Can You Get a Reverse Mortgage If You Already Have Two Mortgages?

Can You Get a Reverse Mortgage If You Already Have Two Mortgages? thumbnail
A reverse mortgage can simplify your retirement and cut your living expenses if you have existing mortgages.

A reverse mortgage is a home loan available to seniors at least 62 years of age who own a home with substantial equity. While it is unlikely a homeowner with two mortgages also has substantial equity, it is not impossible. It is the qualification of equity and not existing mortgage situation that qualifies a senior for this loan.

  1. Qualifications

    • The two chief qualifications for a reverse mortgage are age and home equity. Other qualifications include the condition of the house, which must meet minimum FHA standards, and the absence of federal debt -- the borrower cannot be delinquent on a federal debt, such as taxes. In terms of equity, there is no single quantifiable figure. Rather, a formula that incorporates the applicant's age, home value up to a ceiling of $625,500, and expected interest rate together determine the maximum loan amount. If there are existing mortgages on the property, the loan proceeds or some separate funds must fully repay those mortgages before or at closing.

    Options

    • You can take a reverse mortgage proceeds out as a lump sum, line of credit, monthly payments or some combination of these options. If you have any existing mortgages and do not plan to fully pay them off before the closing, you must take at least part of your loan proceeds to repay these loans. If the maximum loan amount is not enough to pay off the existing loans, and you have no separate funds to pay them off, you will not be allowed to take out the loan.

    Online Calculators

    • To determine how much money you would qualify for in a reverse mortgage, plug in your age and the estimated value of your home into an online reverse mortgage calculator. Some calculators also ask for other information, such as outstanding mortgage balance.
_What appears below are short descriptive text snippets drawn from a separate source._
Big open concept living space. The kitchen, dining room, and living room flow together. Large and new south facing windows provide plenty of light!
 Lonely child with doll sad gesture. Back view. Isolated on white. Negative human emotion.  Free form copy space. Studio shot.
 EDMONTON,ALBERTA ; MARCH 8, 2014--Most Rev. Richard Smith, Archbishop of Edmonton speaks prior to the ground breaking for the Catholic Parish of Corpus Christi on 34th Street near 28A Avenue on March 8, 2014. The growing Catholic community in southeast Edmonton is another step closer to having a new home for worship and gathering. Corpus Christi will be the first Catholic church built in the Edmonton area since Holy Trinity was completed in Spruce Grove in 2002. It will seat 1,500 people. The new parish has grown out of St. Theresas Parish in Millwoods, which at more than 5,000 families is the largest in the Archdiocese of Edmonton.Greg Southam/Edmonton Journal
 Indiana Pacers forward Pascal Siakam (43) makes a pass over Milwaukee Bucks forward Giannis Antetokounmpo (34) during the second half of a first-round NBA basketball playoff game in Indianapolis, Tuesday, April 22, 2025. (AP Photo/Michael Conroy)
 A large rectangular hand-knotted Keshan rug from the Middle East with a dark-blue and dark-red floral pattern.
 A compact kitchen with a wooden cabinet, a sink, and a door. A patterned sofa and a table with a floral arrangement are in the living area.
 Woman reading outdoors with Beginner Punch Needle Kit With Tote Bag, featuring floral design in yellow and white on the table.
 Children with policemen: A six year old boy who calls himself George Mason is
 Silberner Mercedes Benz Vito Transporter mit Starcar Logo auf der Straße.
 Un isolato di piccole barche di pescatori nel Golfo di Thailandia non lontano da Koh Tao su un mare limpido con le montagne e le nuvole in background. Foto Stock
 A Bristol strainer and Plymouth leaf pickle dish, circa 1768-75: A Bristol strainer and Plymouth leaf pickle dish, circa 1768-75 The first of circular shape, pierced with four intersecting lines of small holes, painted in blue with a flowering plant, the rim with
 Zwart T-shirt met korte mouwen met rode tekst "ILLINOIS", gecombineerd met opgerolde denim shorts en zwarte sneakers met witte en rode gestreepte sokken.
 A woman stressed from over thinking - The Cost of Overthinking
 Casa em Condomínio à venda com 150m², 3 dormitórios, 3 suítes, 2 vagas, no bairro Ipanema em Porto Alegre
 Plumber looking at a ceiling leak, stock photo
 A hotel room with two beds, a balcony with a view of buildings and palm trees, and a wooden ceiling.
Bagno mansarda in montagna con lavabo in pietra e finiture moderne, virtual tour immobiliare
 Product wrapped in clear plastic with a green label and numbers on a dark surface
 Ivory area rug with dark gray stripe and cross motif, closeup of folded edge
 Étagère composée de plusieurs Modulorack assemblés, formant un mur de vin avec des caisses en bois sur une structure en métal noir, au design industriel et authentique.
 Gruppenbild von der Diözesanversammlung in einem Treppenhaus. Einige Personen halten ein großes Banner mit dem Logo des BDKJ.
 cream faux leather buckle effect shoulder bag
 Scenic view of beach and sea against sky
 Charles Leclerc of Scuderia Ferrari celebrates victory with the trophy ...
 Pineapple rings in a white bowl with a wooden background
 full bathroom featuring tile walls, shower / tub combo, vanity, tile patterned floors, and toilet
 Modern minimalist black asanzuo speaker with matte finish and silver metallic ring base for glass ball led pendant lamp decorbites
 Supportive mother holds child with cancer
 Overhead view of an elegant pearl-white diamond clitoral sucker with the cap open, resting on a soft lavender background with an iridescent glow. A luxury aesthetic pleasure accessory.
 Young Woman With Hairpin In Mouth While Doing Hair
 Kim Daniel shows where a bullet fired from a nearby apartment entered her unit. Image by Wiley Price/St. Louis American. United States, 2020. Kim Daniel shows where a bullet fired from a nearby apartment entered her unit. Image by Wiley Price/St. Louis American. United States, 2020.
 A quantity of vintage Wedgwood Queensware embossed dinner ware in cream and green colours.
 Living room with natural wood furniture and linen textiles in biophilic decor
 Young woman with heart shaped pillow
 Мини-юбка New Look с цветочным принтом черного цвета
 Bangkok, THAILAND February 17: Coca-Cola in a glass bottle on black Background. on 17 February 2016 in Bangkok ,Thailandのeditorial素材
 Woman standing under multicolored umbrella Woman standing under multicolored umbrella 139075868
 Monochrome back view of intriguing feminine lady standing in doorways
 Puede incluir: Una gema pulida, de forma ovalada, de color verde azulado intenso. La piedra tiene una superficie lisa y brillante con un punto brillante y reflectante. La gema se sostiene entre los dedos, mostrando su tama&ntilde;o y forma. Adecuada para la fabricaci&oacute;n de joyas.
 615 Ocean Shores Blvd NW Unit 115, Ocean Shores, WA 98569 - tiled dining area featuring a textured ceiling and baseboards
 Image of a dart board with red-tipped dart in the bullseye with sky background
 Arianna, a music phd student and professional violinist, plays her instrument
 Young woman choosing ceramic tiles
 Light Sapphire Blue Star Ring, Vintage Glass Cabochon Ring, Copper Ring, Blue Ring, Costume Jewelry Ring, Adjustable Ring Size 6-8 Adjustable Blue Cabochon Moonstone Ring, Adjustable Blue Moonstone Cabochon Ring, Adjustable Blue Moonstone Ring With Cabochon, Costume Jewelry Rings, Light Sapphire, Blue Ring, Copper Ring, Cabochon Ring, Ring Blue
The calculator will then present you with the maximum loan amounts for the different type of payments: lump sum, line of credit or monthly payment. The calculator will automatically assume an interest rate consistent with the estimated interest rate being charged for a reverse mortgage at the time.

    Pay Off With Outside Funds

    • If you have enough savings to pay off the two mortgages, you may wonder whether it is better to pay them off on your own and then take out the reverse mortgage or pay them off with the reverse mortgage proceeds and keep your savings. This is a question for your financial adviser. He can analyze the rate of return you are receiving for your existing savings and compare it with both the interest rates on your existing mortgages and expected for your reverse mortgage. With these figures, you will want to consider your monthly costs with and without your existing mortgages. The chief advantage of the reverse mortgage, of course, is that it does not require any mortgage payments while you remain living in the house.